Top of Stored data

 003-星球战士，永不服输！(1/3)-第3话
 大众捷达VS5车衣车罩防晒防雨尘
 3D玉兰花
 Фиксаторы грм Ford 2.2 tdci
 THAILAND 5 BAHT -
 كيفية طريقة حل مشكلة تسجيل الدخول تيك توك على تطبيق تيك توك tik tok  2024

Bottom of Stored data
Top of Stored data

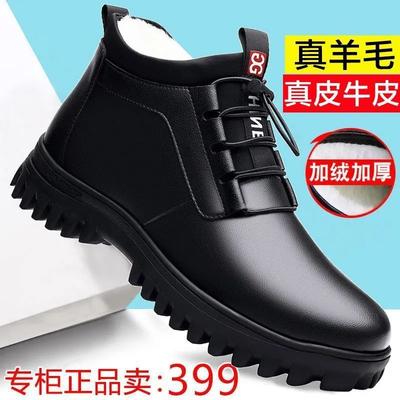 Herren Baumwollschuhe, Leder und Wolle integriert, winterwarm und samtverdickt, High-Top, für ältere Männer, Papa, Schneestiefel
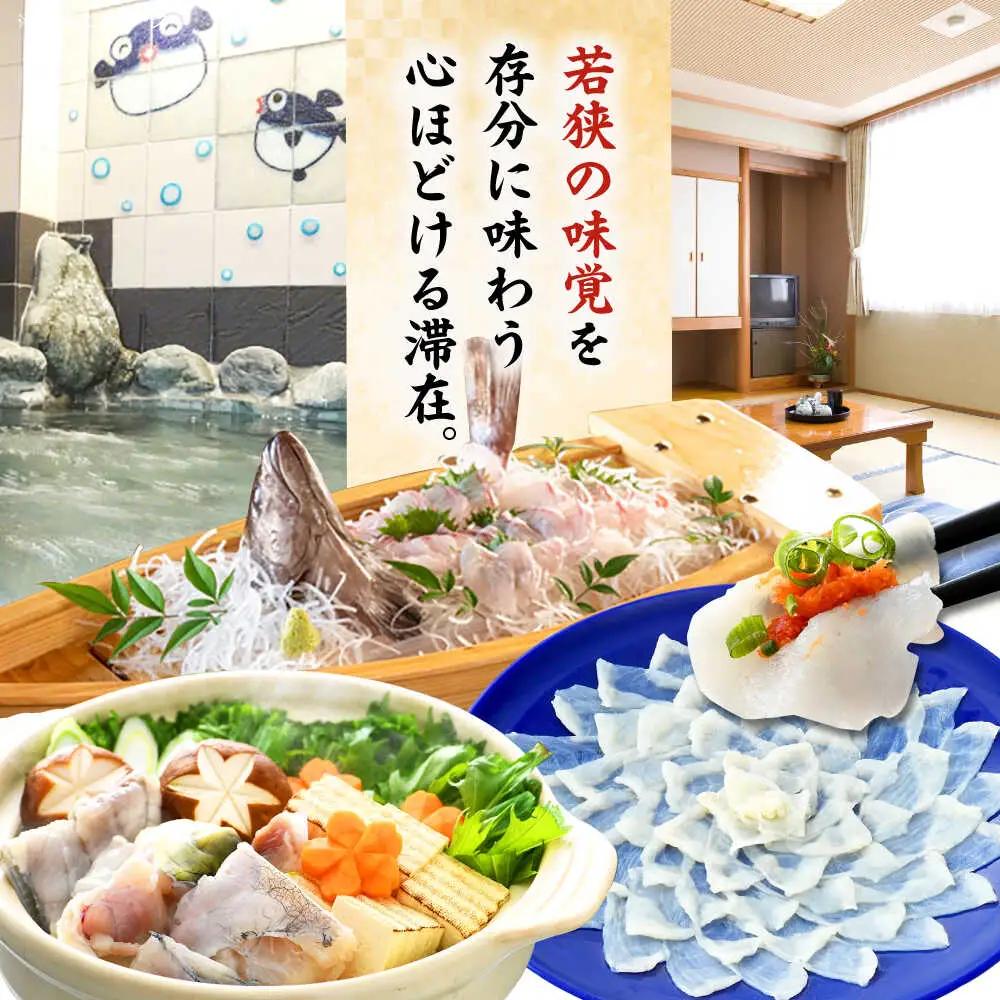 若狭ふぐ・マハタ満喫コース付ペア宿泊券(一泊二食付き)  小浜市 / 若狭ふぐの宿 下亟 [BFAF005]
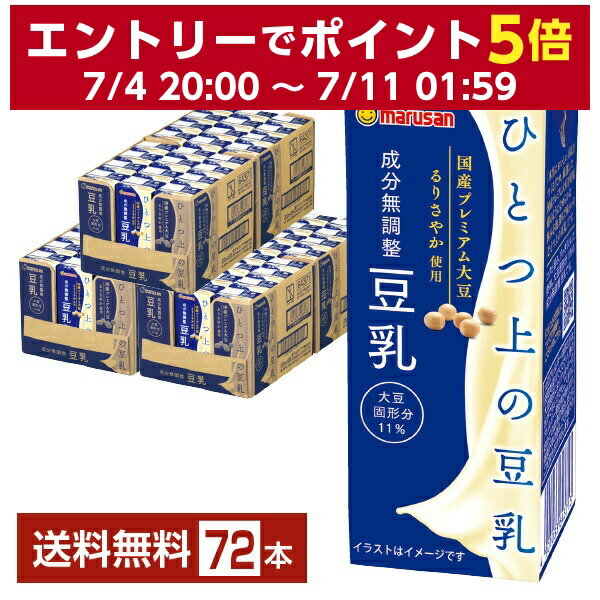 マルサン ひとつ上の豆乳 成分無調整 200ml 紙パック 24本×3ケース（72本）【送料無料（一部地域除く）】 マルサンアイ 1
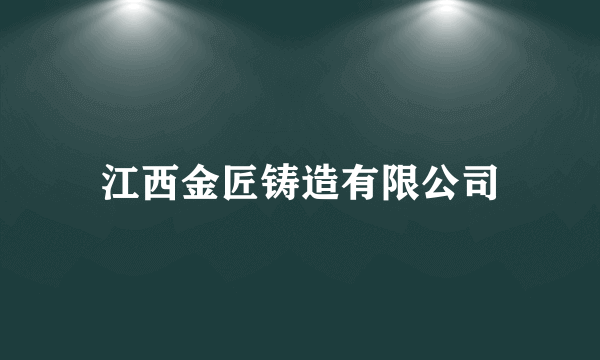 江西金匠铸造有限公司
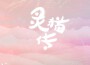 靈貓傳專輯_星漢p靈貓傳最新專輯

Bottom of Stored data
Top of Stored data

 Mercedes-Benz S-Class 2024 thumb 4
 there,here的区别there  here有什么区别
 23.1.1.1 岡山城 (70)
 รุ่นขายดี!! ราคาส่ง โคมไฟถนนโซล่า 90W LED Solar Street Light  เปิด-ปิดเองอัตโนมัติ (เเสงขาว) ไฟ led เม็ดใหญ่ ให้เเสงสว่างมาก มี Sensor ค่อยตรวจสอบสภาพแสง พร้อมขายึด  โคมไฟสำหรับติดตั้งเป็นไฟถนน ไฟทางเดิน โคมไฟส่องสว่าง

Bottom of Stored data

• **Work to be completed**
Set down again, word for word, the stretch of records from the line with "Mercedes-Benz S-Class 2024 thumb 4" to the line with "รุ่นขายดี!! ราคาส่ง โคมไฟถนนโซล่า", both of those lines included.

• **Response to the task**
 Mercedes-Benz S-Class 2024 thumb 4
 there,here的区别there  here有什么区别
 23.1.1.1 岡山城 (70)
 รุ่นขายดี!! ราคาส่ง โคมไฟถนนโซล่า 90W LED Solar Street Light  เปิด-ปิดเองอัตโนมัติ (เเสงขาว) ไฟ led เม็ดใหญ่ ให้เเสงสว่างมาก มี Sensor ค่อยตรวจสอบสภาพแสง พร้อมขายึด  โคมไฟสำหรับติดตั้งเป็นไฟถนน ไฟทางเดิน โคมไฟส่องสว่าง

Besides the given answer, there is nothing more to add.